La chose paraît si établie qu’on peine à ne pas suspecter d’autres intentions, corroborées par d’autres aspects de la politique menée depuis quarante ans, comme une propension mortifère, sous couvert de décentralisation, de convergence européenne et de nécessités budgétaires, à la dissolution de l’État-nation républicain. Au reste, comment se satisfaire d’arguments aussi niais que la confiance faites aux acteurs et la libération des initiatives ? À ce compte, on pourrait aussi bien supprimer les lois…

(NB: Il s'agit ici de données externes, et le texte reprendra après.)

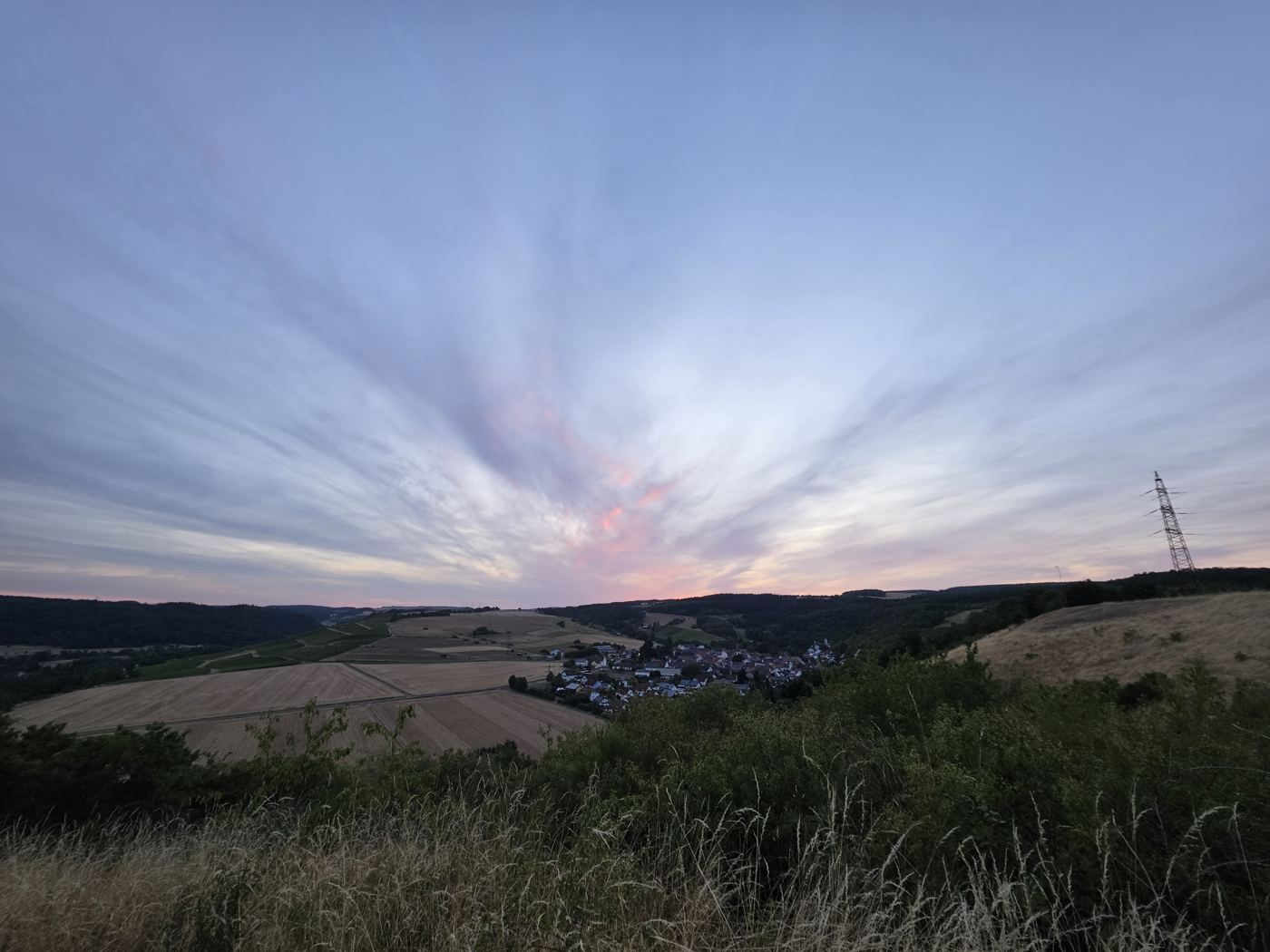 Dämmerungspanorama über Felder und Dorf im Tal, rosa Wolken
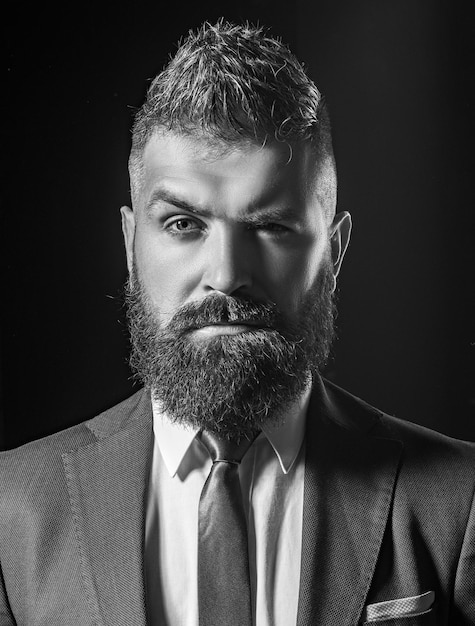 Businessman in dark grey suit on black background isolated Man in classic suit shirt and tie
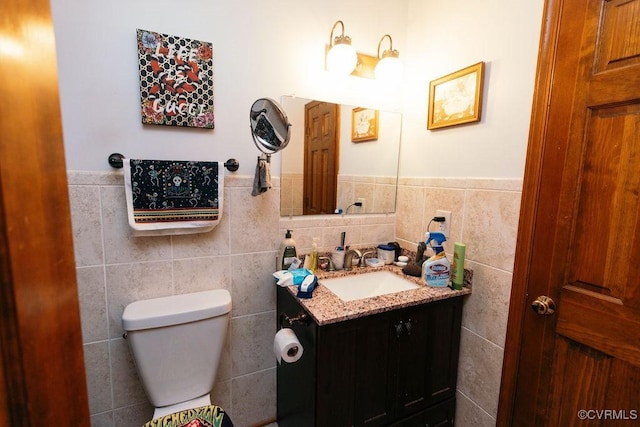 9522 Broad Meadows Rd, Glen Allen, VA 23060 - bathroom with vanity, tile walls, a wainscoted wall, and toilet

Or nous savons que l’État républicain est le meilleur allié de l’individu, qu’il préserve de l’oppression du groupe. Loin de favoriser la liberté pédagogique, qui ne peut s’entendre que comme celle du professeur, l’autonomie des établissements assujettira son enseignement, pratiques personnelles et contenus nationaux, aux contingences locales, aux tropismes idéologiques, aux rapports de force, aux connivences ou aux inimitiés qui traversent son collège ou son lycée. C’est tout à la fois la souplesse du métier et l’égalité des élèves devant le savoir que menace la folie autonomiste, dont la nocivité ne sera même plus endiguée par un corps d’inspection que la réforme de l’évaluation dispense désormais d’inspecter. Quand on sait que d’un collège à l’autre de l’académie de Paris, et sans même que les publics en soient très différents, les latinistes quittent la classe de Troisième, les uns en sachant toute la conjugaison latine, les autres sans même connaître la première déclinaison, on peut légitimement s’effrayer de ce que sera l’avenir d’une éducation nationale. Pour achever cette démolition, il ne restera plus au ministère, comme c’est d’ailleurs son dessein, qu’à dénaturer le baccalauréat, dont la vraie fonction est de servir d’étalon à l’enseignement dispensé dans tous les lycées de France.

Nous nous souvenons d’un membre du Cabinet qui, il y a quelques années déjà, se gaussait, comme d’un « rideau de fer à abattre », de ce que le ministre de l’instruction publique savait jadis, en regardant sa montre, ce qu’apprenaient tous les petits Français du même âge. La bêtise a parfois des rires sinistres.